Trasformare un raccolto destinato ad andare perduto in un gesto contro lo spreco alimentare e i cambiamenti climatici. È questo l’obiettivo di “Un dono contro lo spreco”, l’iniziativa lanciata da NaturaSì insieme alla Società Agricola Biodinamica San Michele, che fino al 30 maggio distribuirà gratuitamente ai clienti dei punti vendita NaturaSì, fino a esaurimento scorte, un prodotto biodinamico recuperato dopo una stagione segnata dagli eventi climatici estremi.

Protagonisti dell’iniziativa sono i porri coltivati dall’azienda agricola San Michele. Tra settembre e ottobre scorso, infatti, i campi sono stati colpiti da gravi allagamenti che hanno rallentato la crescita delle piante e impedito la commercializzazione nei tempi previsti. Con l’arrivo della primavera, però, i porri hanno ripreso vigore maturando tutti insieme, ma fuori dai normali tempi di vendita.

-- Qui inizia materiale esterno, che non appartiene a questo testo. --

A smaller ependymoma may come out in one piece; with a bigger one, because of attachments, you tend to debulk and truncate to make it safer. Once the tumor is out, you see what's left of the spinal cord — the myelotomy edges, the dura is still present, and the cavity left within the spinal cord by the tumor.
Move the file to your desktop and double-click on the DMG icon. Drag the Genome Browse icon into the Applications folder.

Per evitare che il raccolto venisse lasciato nei campi e quindi sprecato, NaturaSì ha deciso di acquistarlo interamente e offrirlo gratuitamente ai clienti. Un’operazione che punta non solo a salvare un prodotto agricolo, ma anche a valorizzare il lavoro degli agricoltori e il rispetto dei cicli naturali.

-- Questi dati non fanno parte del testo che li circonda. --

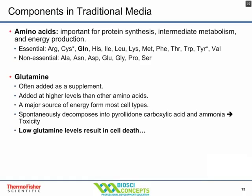Glutamine is one of the most important amino acids, generally added at about 10 times the level of other amino acids. It's often supplemented into media at the time of use to extend shelf life. Most cells get their energy from glutamine oxidation — more so than from glucose metabolism. However, glutamine will spontaneously decompose to form ammonia, which can be toxic to cells. So we must ensure enough glutamine is present in the culture media.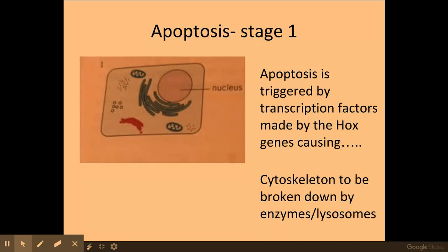Apoptosis, or programmed cell death, occurs in three main stages. It is triggered by transcription factors that are made by the Hox genes. Transcription factors turn on and off other genes, and in this particular case the transcription factors made by the Hox genes cause the cytoskeleton to be broken down by enzymes and lysosomes.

L’iniziativa arriva in un momento in cui il tema dello spreco alimentare resta particolarmente attuale e vuole promuovere un modello agricolo e di consumo più sostenibile. Secondo i dati dell’Osservatorio Waste Watcher International, nel 2025 in Italia sono state sprecate oltre 5 milioni di tonnellate di cibo, per un valore superiore a 13,5 miliardi di euro. A incidere sempre di più è anche la crisi climatica: nell’ultimo anno gli eventi meteorologici estremi hanno provocato circa 12 miliardi di euro di danni all’agricoltura.